Judge: Investor Claims Against Toyota Without Merit

A federal judge has rejected most accusations that Toyota knew about and hid purported acceleration problems in some of its vehicles.

LOS ANGELES (AP) -- A federal judge has rejected most claims made in a shareholder lawsuit against Toyota Motor Corp. that accused the Japanese automaker of knowing about and hiding purported acceleration problems in some of its vehicles.

U.S. District Judge Dale Fisher said in her July 7 ruling that Japanese law takes precedence, especially since many of those who sued Toyota bought company stock on foreign exchanges.

"This respect for foreign law would be completely subverted if foreign claims were allowed to be piggybacked into virtually every American securities fraud case," Fisher wrote in her 11-page decision.

Toyota spokeswoman Celeste Migliore said in a statement the company is pleased with the judge's ruling.

"Although the court has given plaintiffs the opportunity to amend their complaint with respect to the claims under U.S. law only, we believe that any such attempt will result in allegations that remain unsupported by both the facts and law," Migliore said.

The suit notes Toyota stock dropped about 20 percent in January and February 2010 when the company began recalling some of its models. The Japanese automaker has recalled about 14 million vehicles worldwide and it has paid the U.S. government a record $48.8 million in fines for its handling of three recalls.

Hundreds of lawsuits have been filed against Toyota, claiming economic loss and wrongful death due to sudden acceleration.
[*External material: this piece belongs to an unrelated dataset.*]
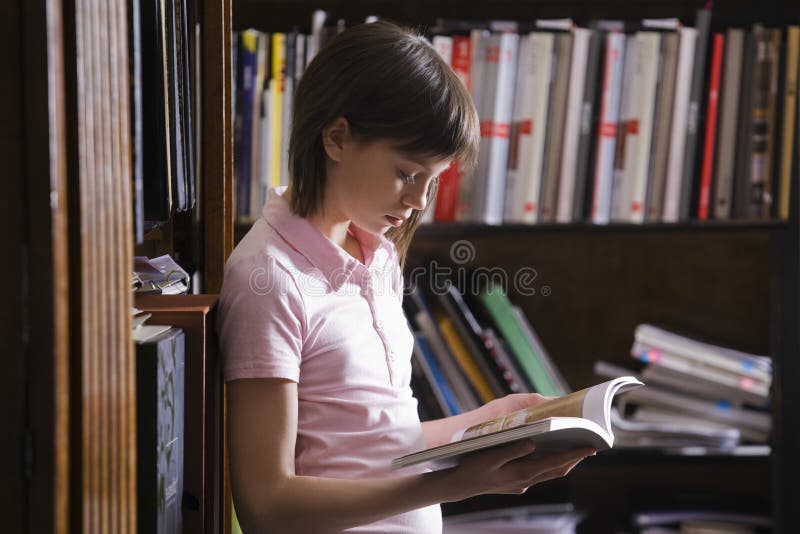 Young Girl Reading Book In Library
Those suits are before a federal judge in Orange County and allege a design defect -- namely its electronic throttle control system -- is responsible for vehicles surging unexpectedly. Toyota has blamed driver error, faulty floor mats and sticky accelerator pedals for the unintended acceleration.

The automaker's defense was buoyed earlier this year when U.S. regulators said electronic flaws weren't to blame for unintended acceleration.

The first trials on the acceleration issue are expected to begin in 2013.